TAX EXEMPT SALES. Customer understands that an actual copy of its tax exemption certificate is required to process tax exempt sales.

GOVERNING LAW/CONSENT TO JURISDICTION. This Agreement and all transactions between Creative and Customer shall be governed by and construed in accordance with the laws of the Commonwealth of Virginia without regard to conflict of laws principles. Creative and Customer agree that any action or proceeding regarding any agreement or transaction between the parties shall be commenced and maintained in any appropriate court in Hanover County, Virginia, and Customer waives any rights to have such action brought in any other jurisdiction. Service of process may be made at the address listed on the front of this Credit Application and Agreement unless changed in writing. Customer waives its right to a trial by jury. Any provision of this or any other agreement between Creative and Customer which is prohibited or unenforceable in any jurisdiction shall, as to such jurisdiction, be ineffective to the extent of such prohibition or unenforceability without invalidating the remaining provisions hereof or affecting the validity or enforceability of such provisions in any other jurisdiction. The parties agree that, at the option of Creative, any dispute under this application or any agreement between the parties shall be subject to mediation or binding arbitration according to the commercial rules of the Uniform Arbitration Act, in Richmond, Virginia. Arbitration, if elected by Creative, shall not be a condition precedent to litigation and the election to arbitrate by Creative shall in no way preclude Creative from seeking and obtaining any prejudgment remedy against Applicant.

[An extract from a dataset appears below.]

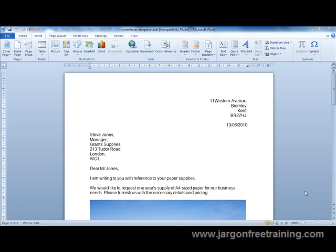You might find you have some text which you continually end up typing again and again, for example a company name or an address.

ASSIGNMENT. This Credit Application and Agreement shall be binding upon Creative’s and Customer’s successors, assigns, heirs, estates and affiliated companies; provided however, Customer may not assign its rights hereunder and any such attempted assignment shall be void and of no force or effect.

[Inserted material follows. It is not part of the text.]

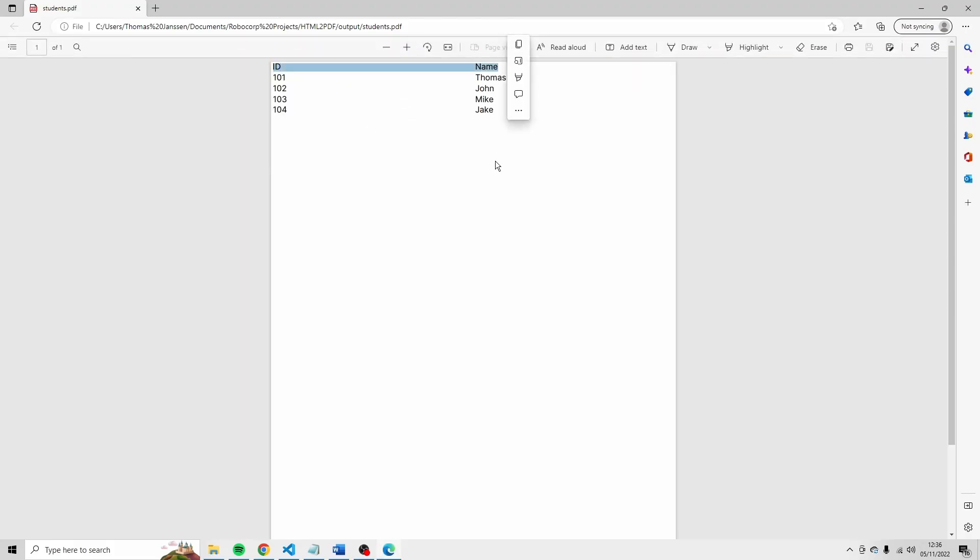Right? You don't have the headers anymore. And they're not in bold anymore. So that's why I prefer to use TH.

MODIFICATION/TERMINATION, ETC. Customer understands that Creative’s sales personnel are not authorized to negotiate, alter, amend or modify any credit terms for payment of any amount after delivery is complete. These Terms and Conditions may not be modified except in writing signed by both Customer and Creative and shall supersede any prior oral or written proposals or agreements, with respect to the subject matter contained herein. Addenda may be attached to these Terms and Conditions to address specific and unique transactions. Such addenda will be signed by Creative and Customer and be incorporated into this agreement.

LEGAL FEES. Should either party incur any expense in enforcing any terms, covenants, conditions, representations or warranties of this agreement, the party in default will pay all expenses so incurred including reasonable attorney’s fees.